Exercise description |
Give back the whole listing verbatim, printing none of its pictures.

Data to process |
------------
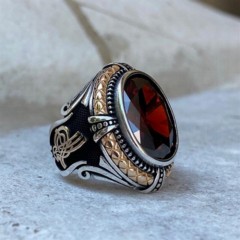 Zircon Stone Rings - Ottoman Tugra Motif Red Zircon Stone Sterling Silver Men's Ring 100348043 - Turkey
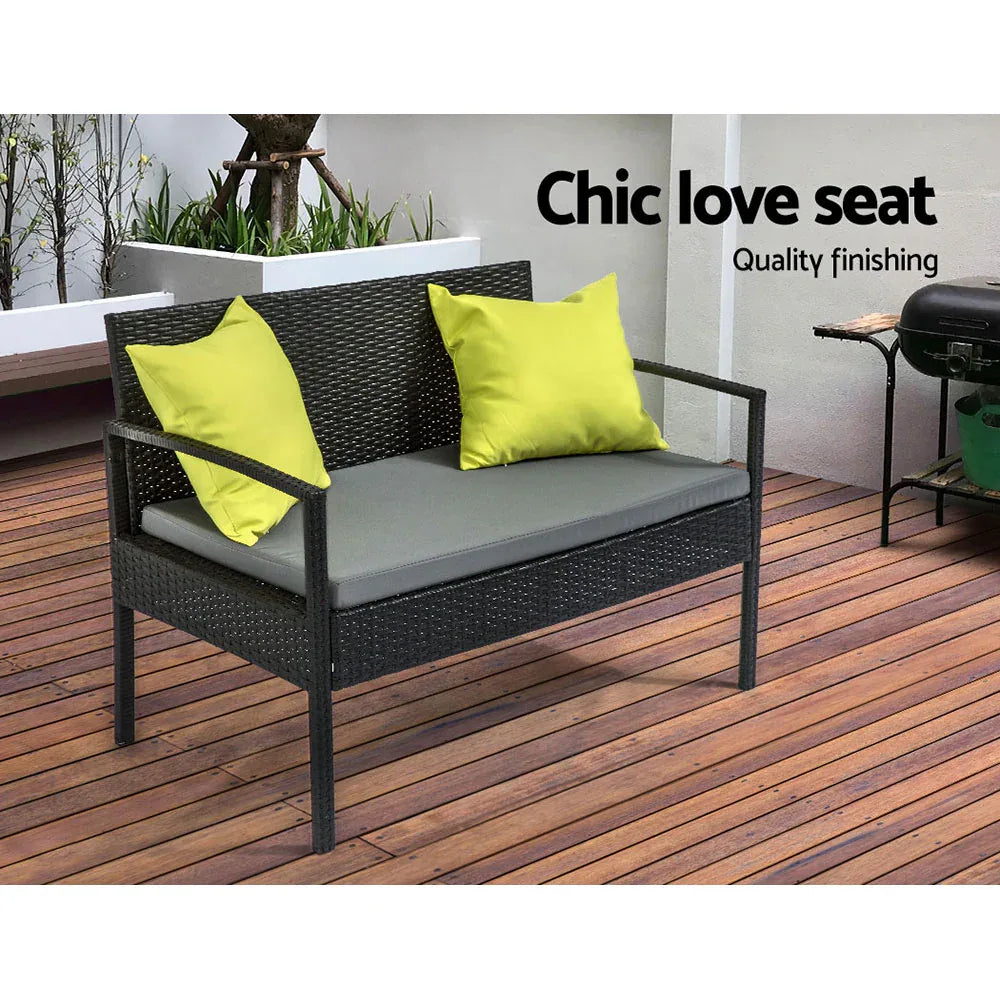 Gardeon Outdoor Sofa Set Wicker Lounge Setting Table and Chairs Storage Cover - Mekamart Australia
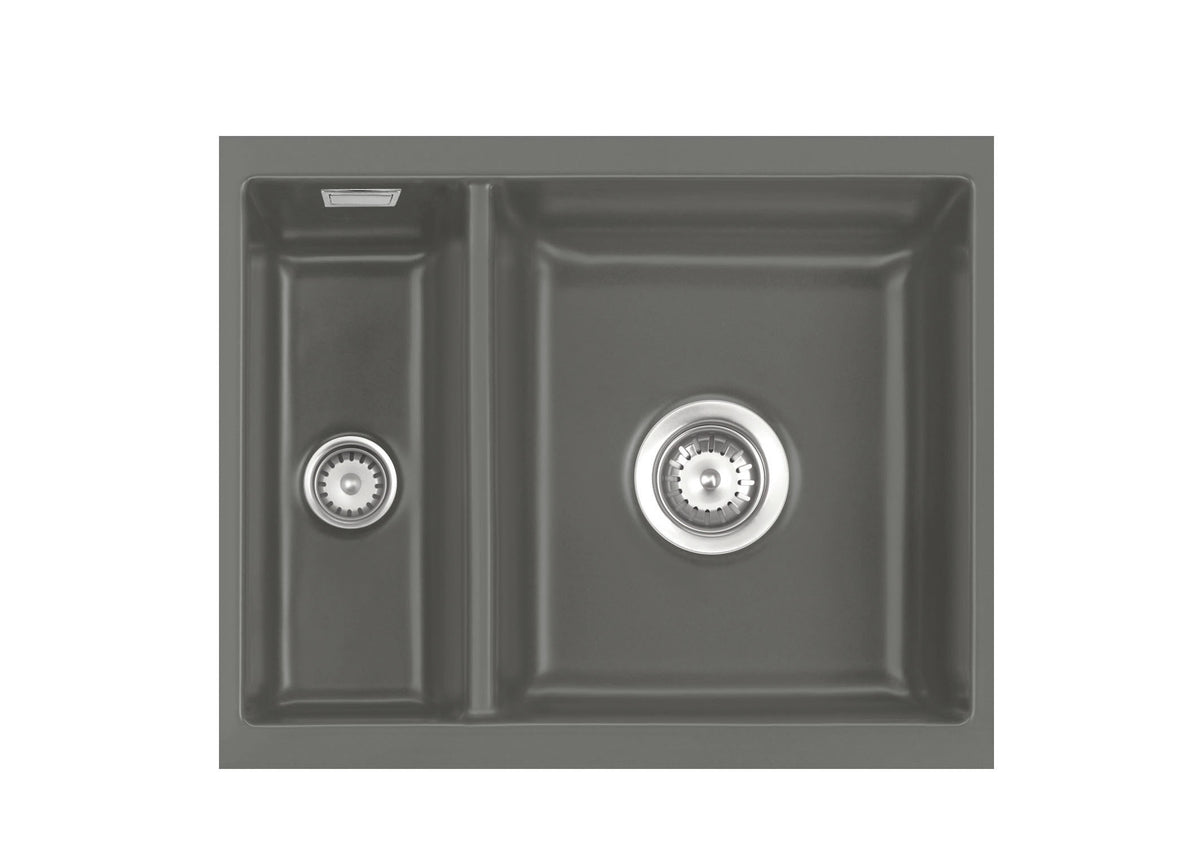 SYSTEMCERAM Einbauspüle Mera 60 U/g Lava 80 inkl. Handbetätigung, für 60 cm Schrankbreite, Spüle zum Unterbau mit geschliffener Oberseite Unterbau keine Beckenlage 54980180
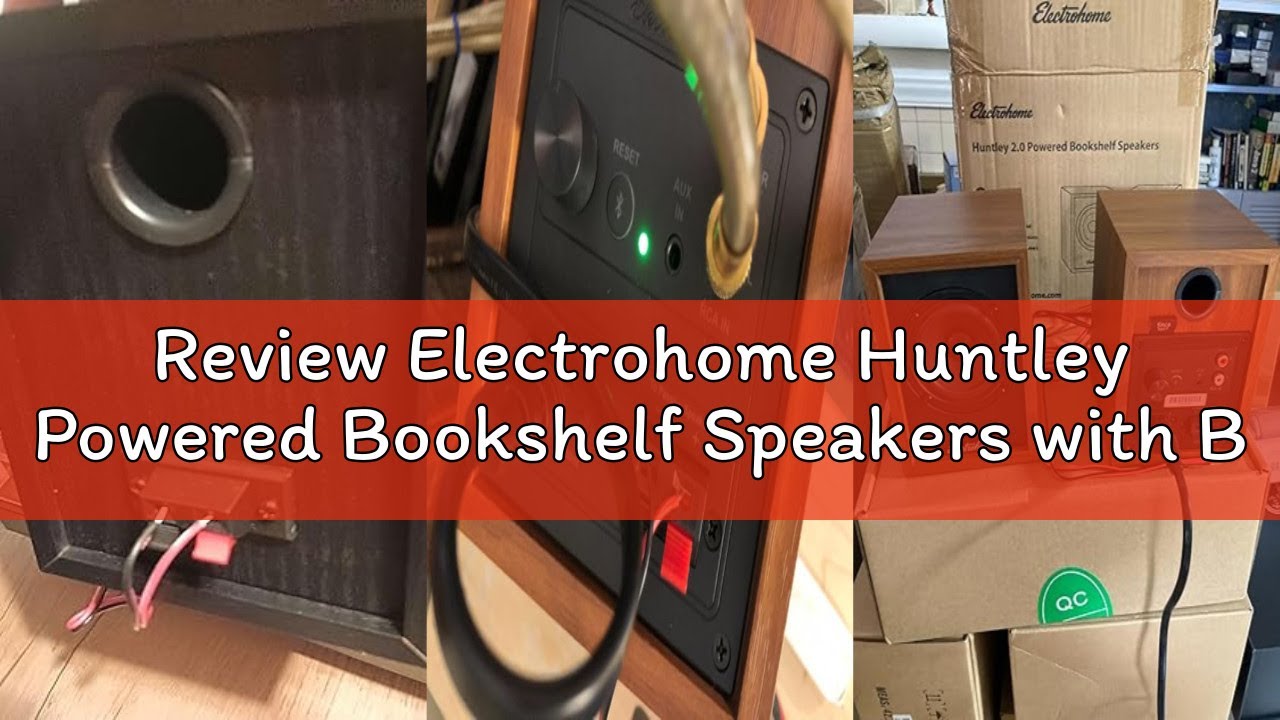 Review Electrohome Huntley Powered Bookshelf Speakers with Built-in Amplifier and 3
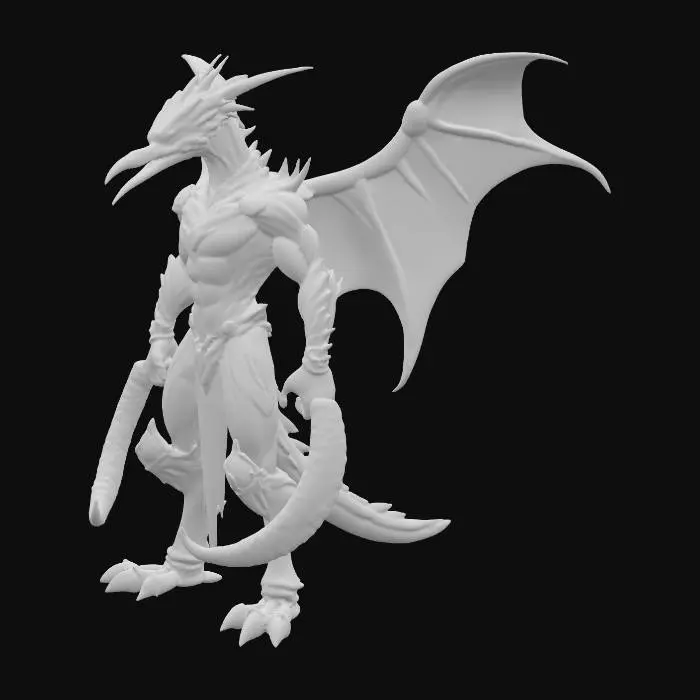 3D model for A sleek, feral humanoid Skyrider, fused with Hesperornis, has a muscular, streamlined body of black and steel-blue plumage. A ferocious face with an elongated beak, sharp predatory teeth, and crimson eyes, set in a serrated grin. Jagged armored fins replace wings. Dark chrome armor, jagged and serrated like aquatic scales, glows with turquoise runes, offering a hard, scaly tactile quality. It wields dual hooked obsidian scythes, curved like lightning, charged with glowing storm energy, in an aggressive, lunging stance.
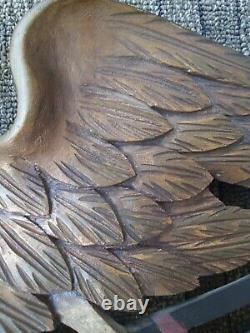 Vintage Antique Bellamy Style Eagle 24 x 9 hand carved wooden Folk Art Americana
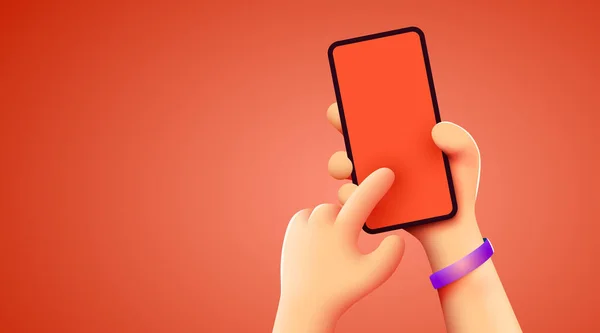 Tenere il telefono in due mani. Mockup telefonico. Modello di smartphone modificabile. Toccando lo schermo con il dito. — Vettoriale Stock
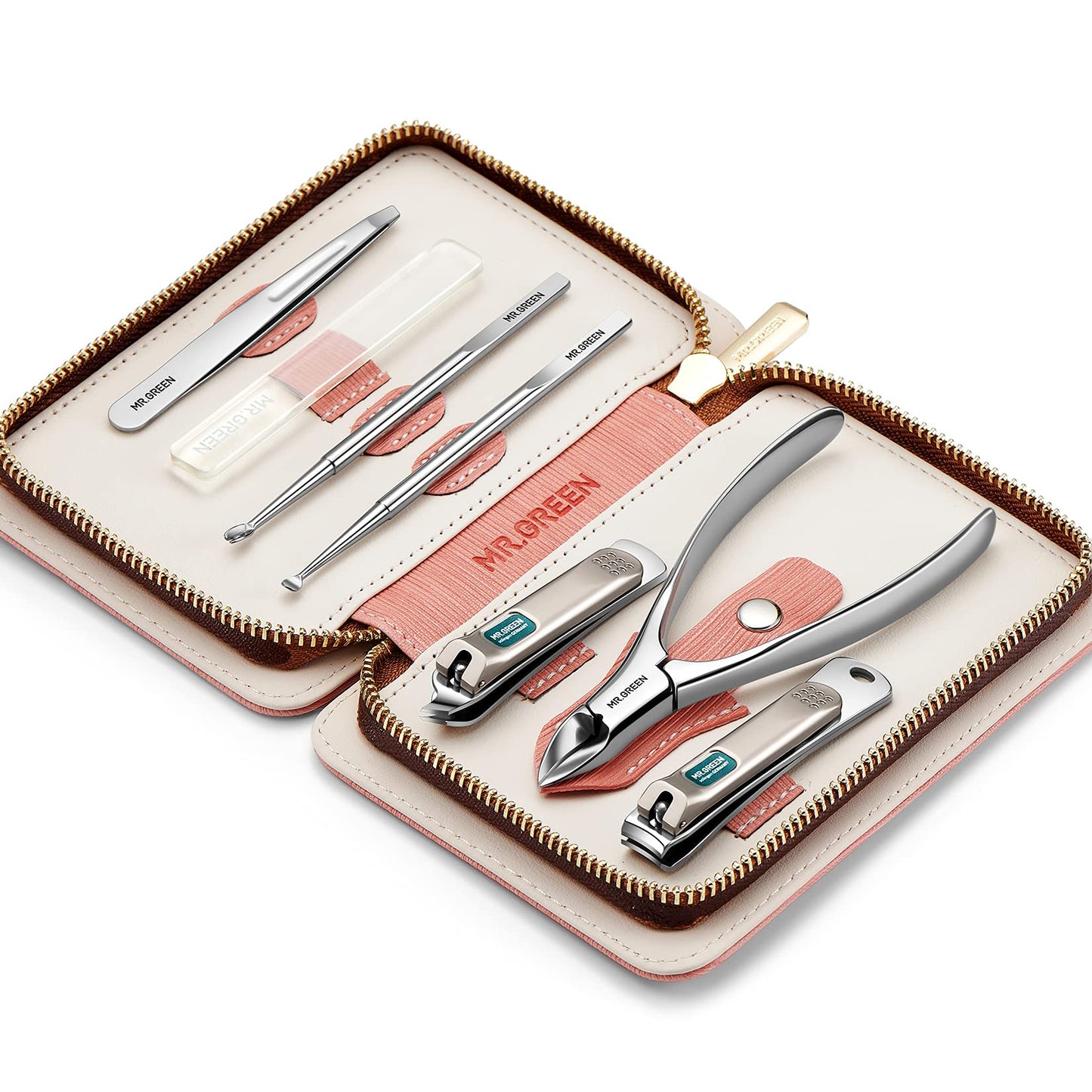 MR.GREEN 7in1 Manicure Sets Personal Care Tools Stainless Steel Professional Nail Clippers Pedicure Set Travel Case Kits (Mr-6032)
------------
Expected answer |
 Zircon Stone Rings - Ottoman Tugra Motif Red Zircon Stone Sterling Silver Men's Ring 100348043 - Turkey
 Gardeon Outdoor Sofa Set Wicker Lounge Setting Table and Chairs Storage Cover - Mekamart Australia
 SYSTEMCERAM Einbauspüle Mera 60 U/g Lava 80 inkl. Handbetätigung, für 60 cm Schrankbreite, Spüle zum Unterbau mit geschliffener Oberseite Unterbau keine Beckenlage 54980180
 Review Electrohome Huntley Powered Bookshelf Speakers with Built-in Amplifier and 3
 3D model for A sleek, feral humanoid Skyrider, fused with Hesperornis, has a muscular, streamlined body of black and steel-blue plumage. A ferocious face with an elongated beak, sharp predatory teeth, and crimson eyes, set in a serrated grin. Jagged armored fins replace wings. Dark chrome armor, jagged and serrated like aquatic scales, glows with turquoise runes, offering a hard, scaly tactile quality. It wields dual hooked obsidian scythes, curved like lightning, charged with glowing storm energy, in an aggressive, lunging stance.
 Vintage Antique Bellamy Style Eagle 24 x 9 hand carved wooden Folk Art Americana
 Tenere il telefono in due mani. Mockup telefonico. Modello di smartphone modificabile. Toccando lo schermo con il dito. — Vettoriale Stock
 MR.GREEN 7in1 Manicure Sets Personal Care Tools Stainless Steel Professional Nail Clippers Pedicure Set Travel Case Kits (Mr-6032)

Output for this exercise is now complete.